Nothing may be left out of the listing below but its images; repeat the rest exactly.

_THE DATA_:
((

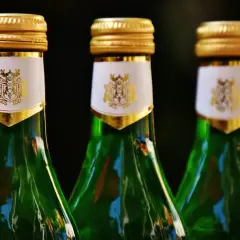 Trzy zielone butelki z złotymi nakrętkami i białymi etykietami z herbem. Czy to absynt? Co to jest?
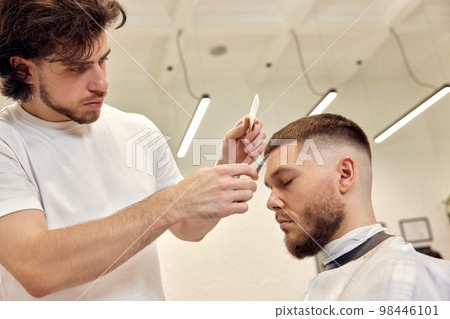 hairdresser does haircut for caucasian bearded man 98446101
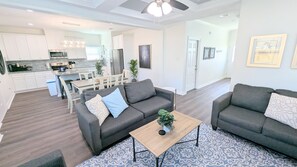 Ein modernes Wohnzimmer mit zwei grauen Sofas, einem Couchtisch und einem gemusterten Teppich.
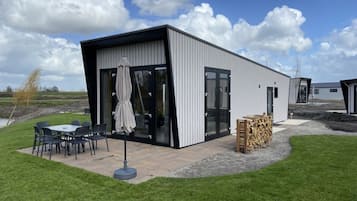 En moderne bygning med en terrasse, udendørs møbler og en stabel brænde.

))

_RESULT FOR THIS TASK_:
 Trzy zielone butelki z złotymi nakrętkami i białymi etykietami z herbem. Czy to absynt? Co to jest?
 hairdresser does haircut for caucasian bearded man 98446101
 Ein modernes Wohnzimmer mit zwei grauen Sofas, einem Couchtisch und einem gemusterten Teppich.
 En moderne bygning med en terrasse, udendørs møbler og en stabel brænde.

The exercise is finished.